A Chicana movement began as a series of actions through which women organized collectively in the late 1960s and 1970s to challenge unequal treatment within the Chicano civil rights and power movements of that era. In the mid-1960s Mexican Americans in the United States experienced an awakening of consciousness, identity, and ethnic pride in a broad-based "Chicano movement" that encompassed several efforts toward social change, including farm workers', land grant, urban, youth, and student movements.
Those efforts raised awareness of the conditions facing Chicano communities as a result of long-standing racism and discrimination, including unequal access to education, discrimination in housing, underemployment, police brutality, and a lack of political power. The term Chicano referred to a collective identity based on militant cultural and political consciousness of a history of racialization of Chicanos as Mexicans in the United States.
Early in the development of the Chicano movement at the First Annual Denver Youth Conference, March 27-31, 1969, Chicana student activists called for a thoughtful consideration of their roles in the movement. After hearing the declaration "The Chicana woman does not want to be liberated," many women activists began to question the limitations inherent in that statement, pointing out the significant involvement and contributions of women to the Chicano movement in actions such as the 1968 high school walkouts in East Los Angeles and the formation of student organizations on college campuses.
Subsequently, the ideology of cultural nationalism emphasized the maintenance of culture as a form of resistance to pressure from the dominant society to assimilate by promoting an image of the traditional family as an ideal to be upheld by movement participants. In that traditional family, men were the breadwinners and women were helpmates whose role was to raise the children and maintain the home. Chicanas adopted a variety of strategies for reconfiguring the symbolics of male-centered and male-dominant cultural nationalism, including the recovery and reinterpretation of key figures in Mexican history such as the soldaderas and soldadas—women who participated in the Mexican Revolution of 1910—and Malintzin Tenepal, or la Malinche—the indigenous woman translator for the Spanish conquerer Hernán Cortés.
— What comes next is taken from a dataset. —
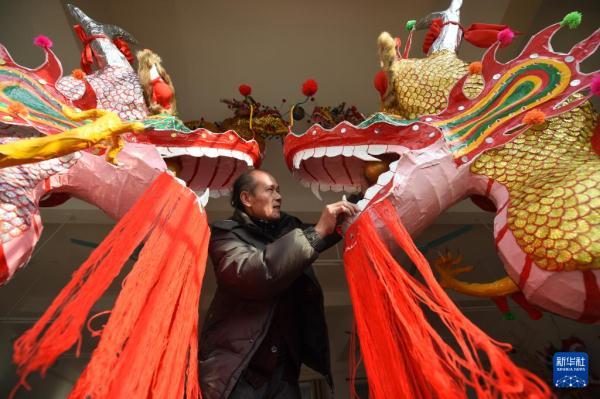 广西南宁市宾阳县举行炮龙节百龙舞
As Chicana students and community activists observed patterns of inequality in the treatment and inclusion of women in organizations such as Movimiento Estudiantil Chicano de Aztlan, La Raza Unida Party, and the Brown Berets, they began to develop their own spaces to challenge gender inequality and sexism. For example, in Texas women in La Raza Unida Party organized as Mujeres por la Raza Unida and sponsored women candidates for political office. In California Chicana students at California State University at Long Beach founded Hijas de Cuahtemoc, an autonomous women's organization. Also in California, Comision Femenil Mexicana was founded to advocate for women's advancement in the community and the workplace. Comision Femenil Mexicana also sponsored the Chicana Service Action Center, a resource for employment opportunities as well as services for survivors of domestic violence. A Chicana rights project gathered information about the economic, educational, and employment status of Chicanas and litigated cases for women.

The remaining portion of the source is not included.